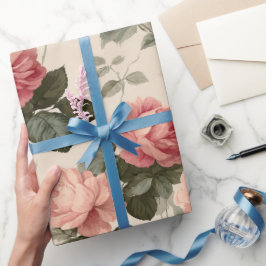 Klassisches rosa Rosen-Cream-Blumenmuster Geschenkpapier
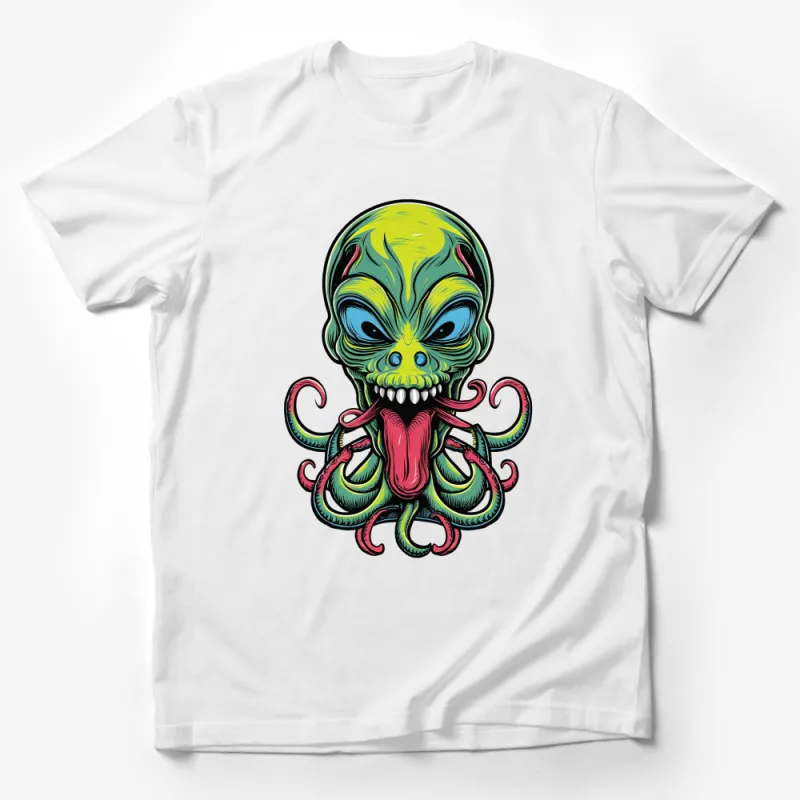 Alien Octopus Graphic T-Shirt, Colorful Monster Artwork Tee, Unique Sci-Fi Design, Unisex Apparel Male T-Shirt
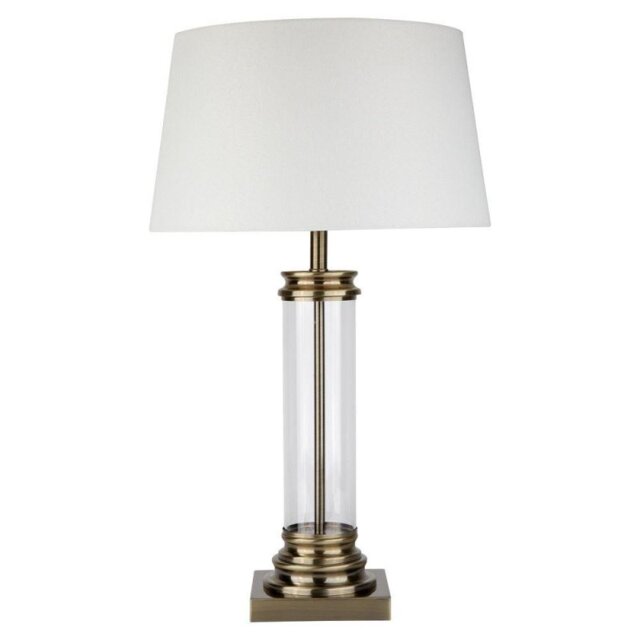 Searchlight 5141AB 1 Light Table Lamp With Glass Column And Antique Brass Base And Cream Shade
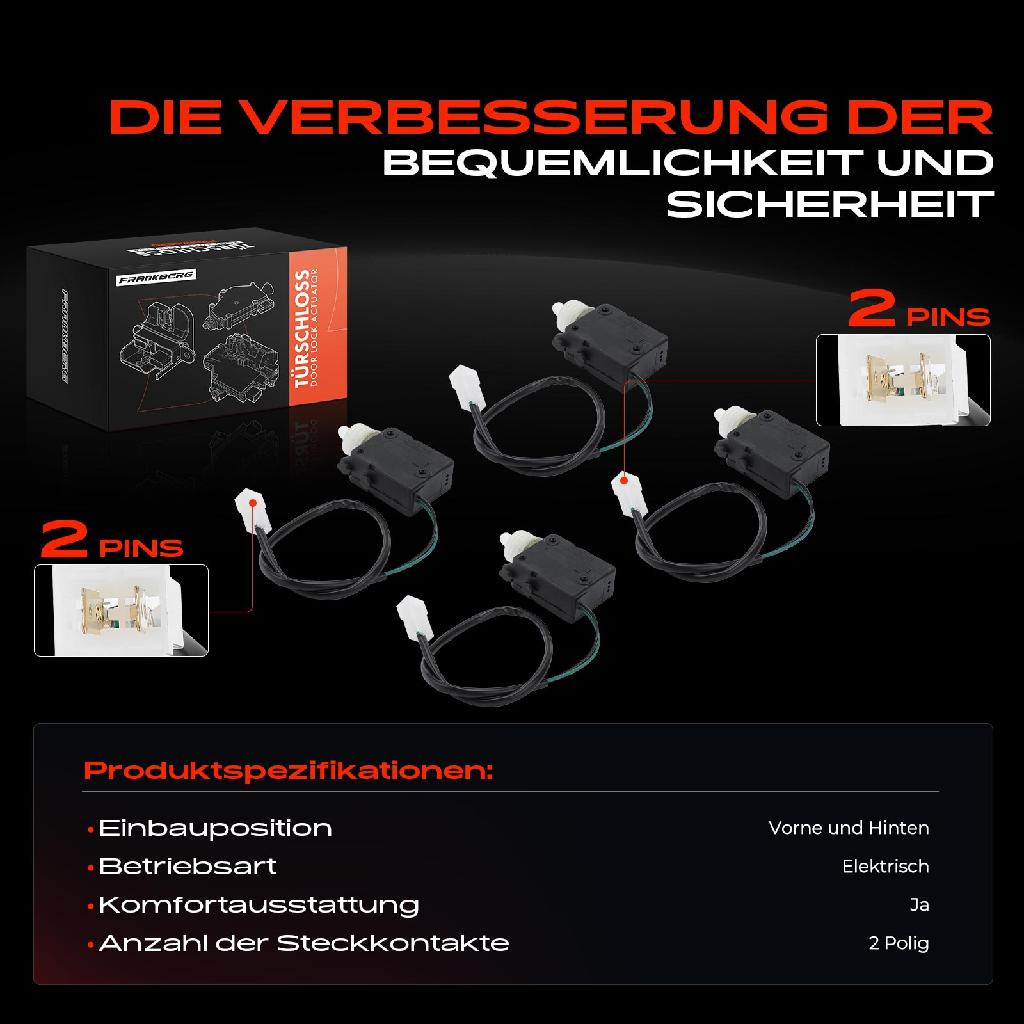 2x Türschloss Vorne und Hinten für Citroën Berlingo Kasten Berlingo/Berlingo First MPV Saxo ZX Break Peugeot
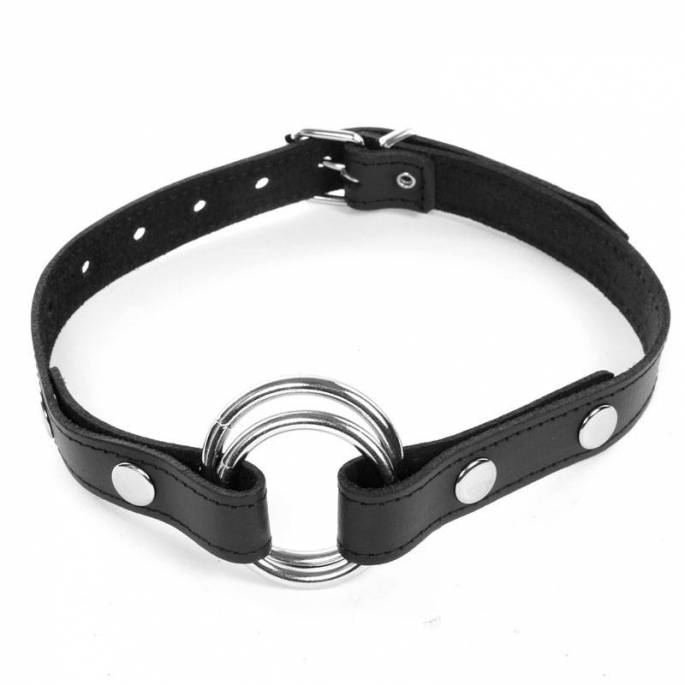 BLACK LEATHER GAG + METAL RINGS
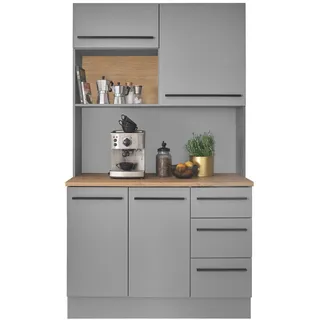 Mid.you Buffet , Grau, Eichefarben , Kunststoff , 2 Fächer , 3 Schubladen , 120x211x60 cm , Beimöbel erhältlich , Küchen, Küchenmöbel, Buffetschränke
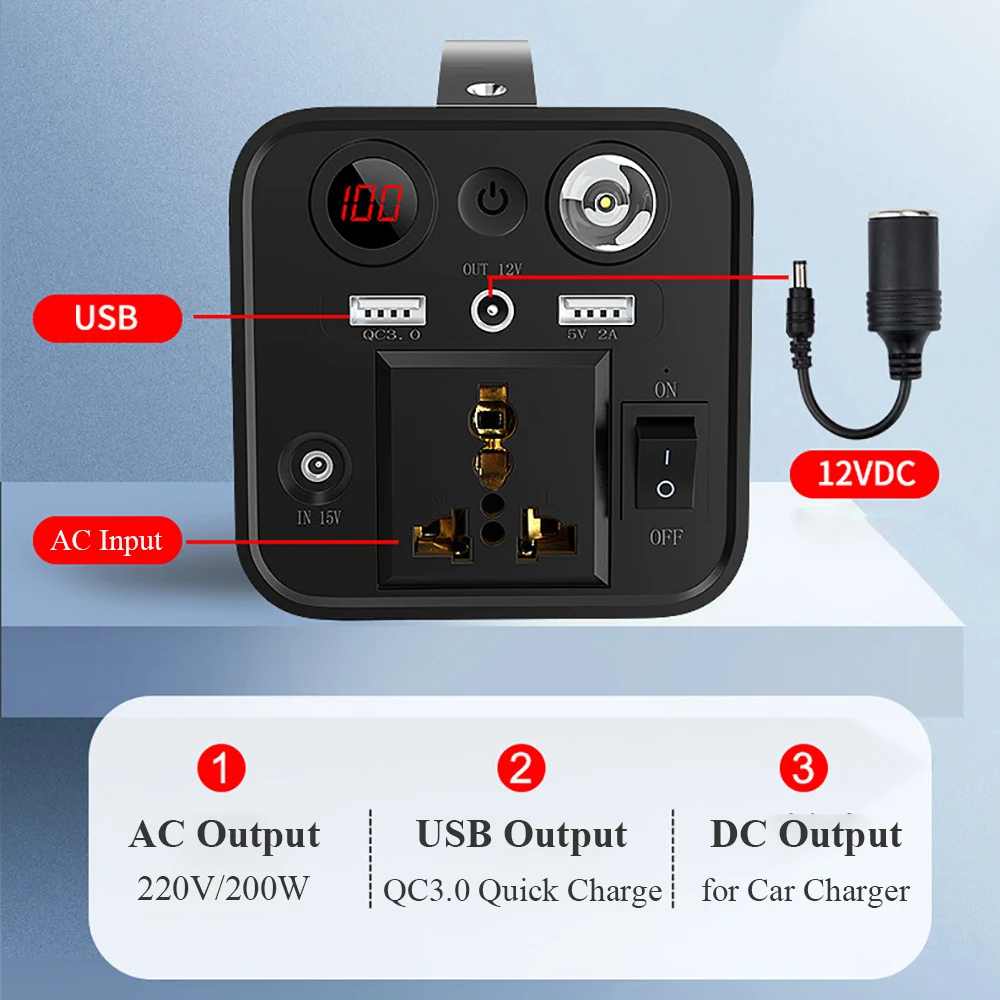 220V 200W Generator Battery Charger 58000mAh Portable Power Station Outdoor Emergency Power Supply Camping Bank Inverter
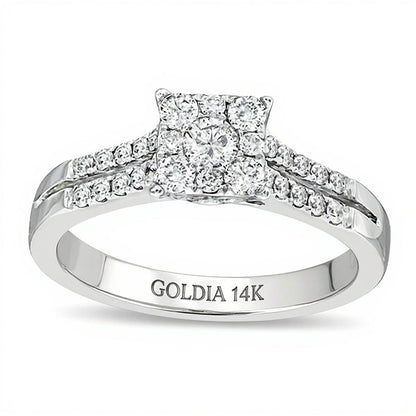 0.5 ct. Gesamtgewicht Diamant Verlobungsring mit quadratischem Cluster in 14K Weißgold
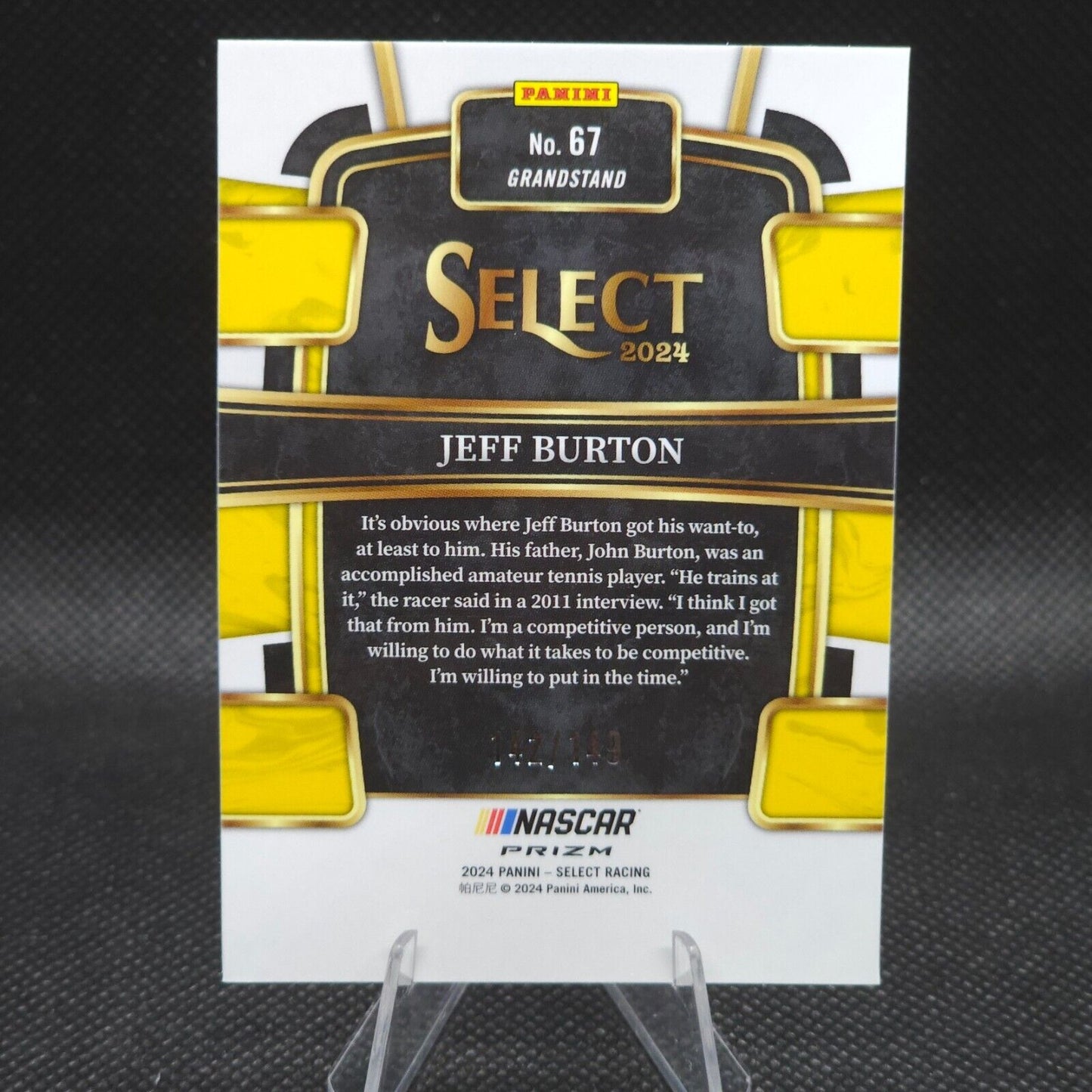 2024 Panini Select Racing Grandstand Red Prizm #67 Jeff Burton 142/149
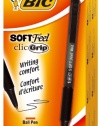 BIC Soft Feel Retractable Ballpoint Pen, Medium Point, Black, 12-Count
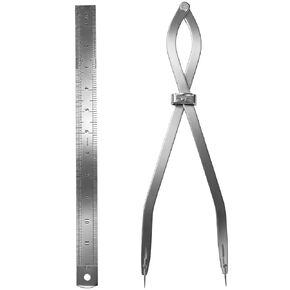 20 Inch Radius Divider Tool with Bonus 12" Stainless Steel Ruler, Heavy Duty Wing Divider Scriber Marking Tool for Metalworking & Woodworking - Upgraded Lock Nut Design with Replaceable Sharp Points in Kuwait
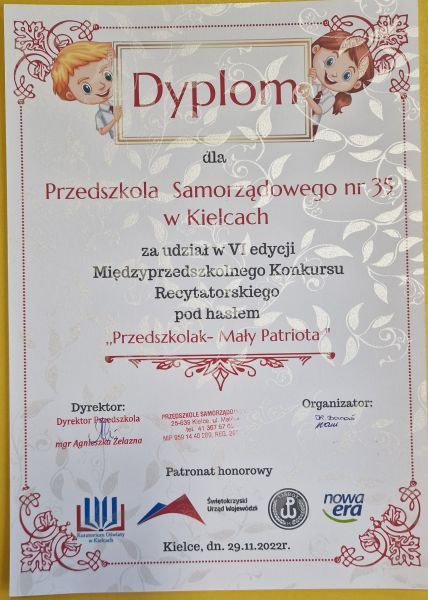 Dyplom za udział w konkursie ,,Przedszkolak- Mały Patriota"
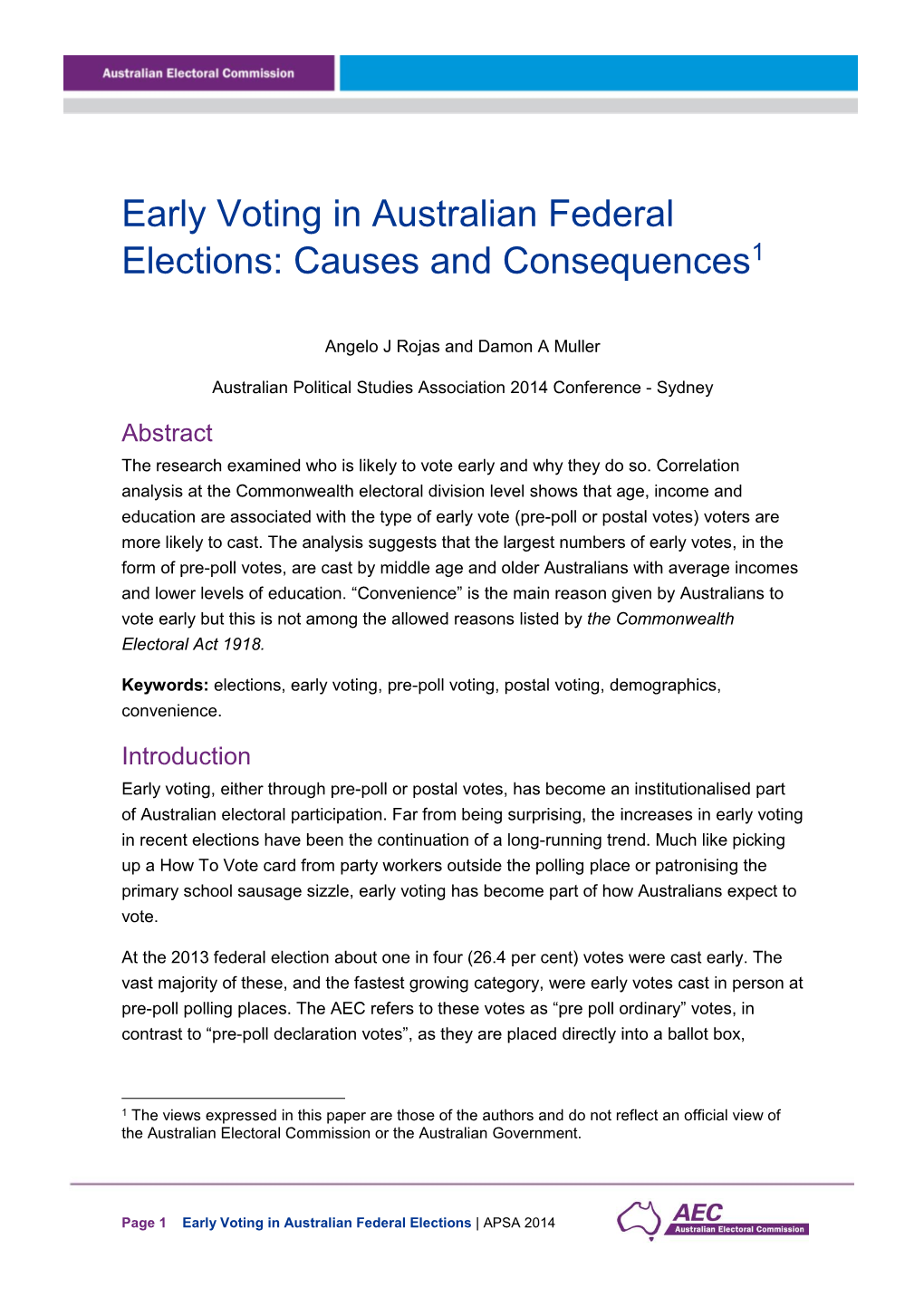 Early Voting in Australian Federal Elections: Causes and Consequences1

+++

Problem to work on — Lines from the one with "Mid.you Buffet , Grau, Eichefarben" through the final line of the listing above: copy them exactly, both ends included, and omit every picture.

Result of this task —
 Mid.you Buffet , Grau, Eichefarben , Kunststoff , 2 Fächer , 3 Schubladen , 120x211x60 cm , Beimöbel erhältlich , Küchen, Küchenmöbel, Buffetschränke
 220V 200W Generator Battery Charger 58000mAh Portable Power Station Outdoor Emergency Power Supply Camping Bank Inverter
 0.5 ct. Gesamtgewicht Diamant Verlobungsring mit quadratischem Cluster in 14K Weißgold
 2024 Panini Select Racing Grandstand Red Prizm #67 Jeff Burton 142/149
 BIC Soft Feel Retractable Ballpoint Pen, Medium Point, Black, 12-Count
 20 Inch Radius Divider Tool with Bonus 12" Stainless Steel Ruler, Heavy Duty Wing Divider Scriber Marking Tool for Metalworking & Woodworking - Upgraded Lock Nut Design with Replaceable Sharp Points in Kuwait
 Dyplom za udział w konkursie ,,Przedszkolak- Mały Patriota"
 Early Voting in Australian Federal Elections: Causes and Consequences1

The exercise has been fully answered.